Hello everyone, I am still in cattle university here. I have completed finishing of cattle for the last 3 years. This year I apparently had three heifer calves birth via immaculate conception according to the guy who sold them to me. So I have now completed calving, pulling calves, and bottle raising calves as the 1.5 year old mother abandoned her calf. Unfortunately the one we pulled did not make it. One heifer did a great job at raising her calf. And the abandoned calf, after everyone told me he wouldn't survive... he is live and well now at about 5 months old. My original plan was to simply buy calves every year and finish them for my customers. But after calving and now having 3 of my own, I went down a new plan. I bought some pairs and now have 8 mama cows and 8 calves. All calves are in the 5-7 month old range and I am about to start weaning. We created a new pen so we could separate and keep separate until finish of the calves. I am familiar with the weaning process. my question was more about the next phase, growing them until slaughter.
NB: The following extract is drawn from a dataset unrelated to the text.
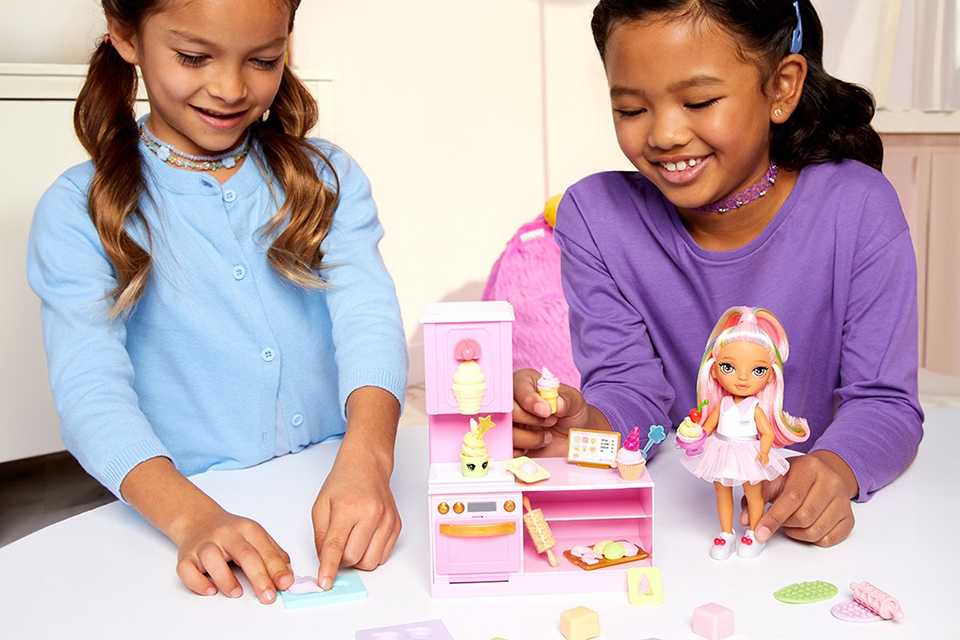 Rainbow High. Shine brighter together.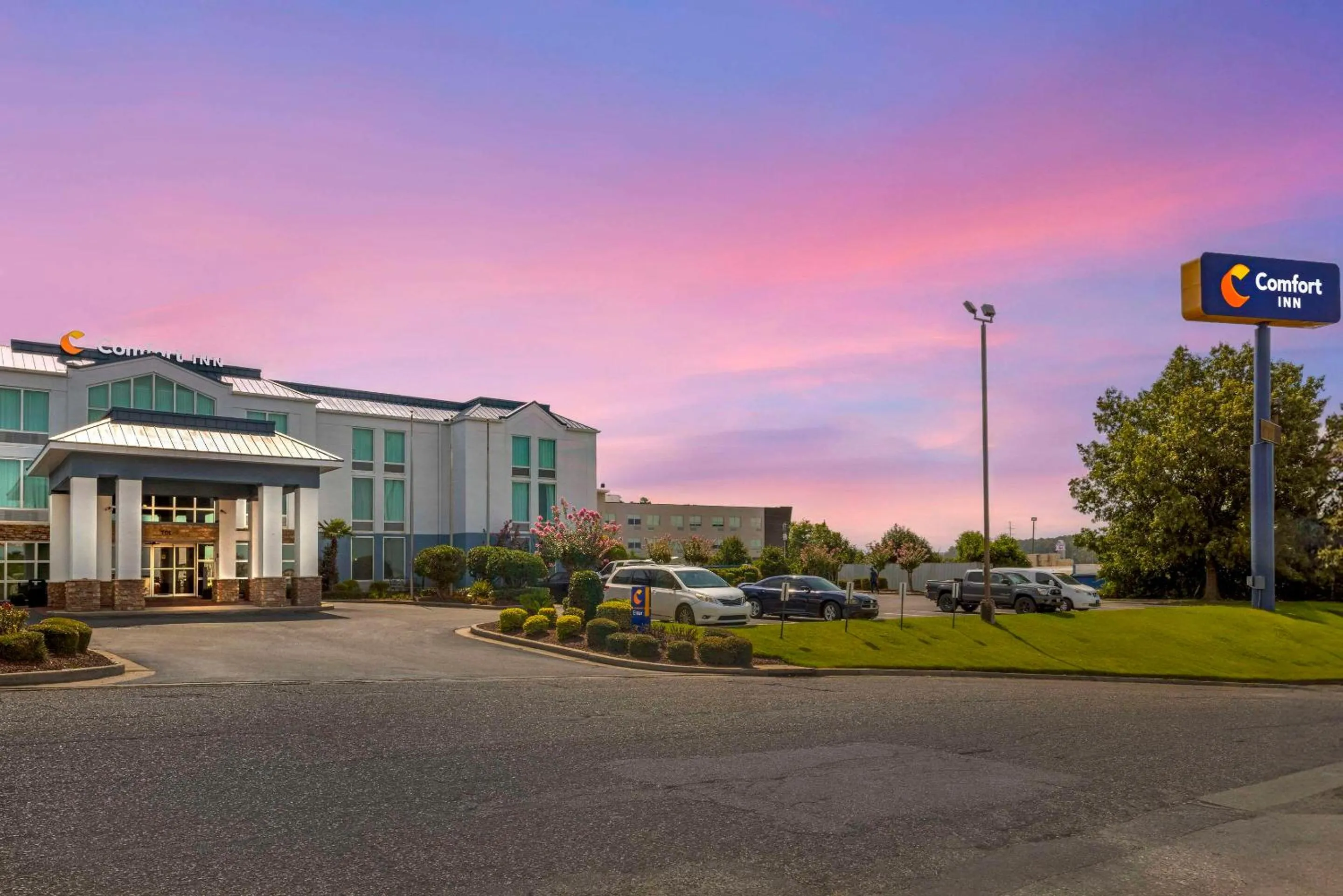 Property building in Comfort Inn Meridian - Bonita Lakes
So first off I do not have the best pastures as of yet. So I am currently feeding hay all year round and letting them eat whatever grass is there. The finishing pen is a 1.5 acre strip that is longer then wide( 500' x 150') . I realize many finish in smaller areas, but that's another conversation and I am happy with the larger area for my needs. My plan is to grow them until next September where they would go for slaughter. I have a good finishing program that has served me well for the last 3 years. Basically in the last 90 days working them up from 5-20lbs of grain per day. My question though is there any benefit to feeding them 5lbs per day from weaning right until 90 days out. Then stepping it up until finish? Will the 5lbs actually help them grow and build muscle? especially since they will mainly be eating 90% hay and 10% fresh grass. Or is this just a waste of money? I figure 8 months of 5lbs before I get into the finishing is going to cost me about 1/2 ton of grain per head. Would this 1/2ton help me see an extra 100lbs in body mass? 200? or maybe no different then hay alone? I try to find research on the subject and all the data discusses during finishing and not during growing. Also is there a particular grain that would help grow more muscle over just fatten? 

Thank you


----------



## mstahl (24 d ago)

Greetings,
Different breeds respond differently to feed regimes so you may need to conduct a little experimentation with grain feed rates on your own herd. Climate may also have an effect on whether the extra energy from grain goes to fat or muscle. In my experience with highland/angus cross in an extremely cold climate extra energy goes to fat production, which my customers love, by the way! I supply my cattle free-choice spent grain from the local brewery, all they can eat, in addition to hay in winter, pasture grass in summer. Check out spent grain if you have a source reasonably close by. In our area whole grain runs about $0.30/lb, processed grain is at least $0.70/lb, spent grain is free. Good luck!


----------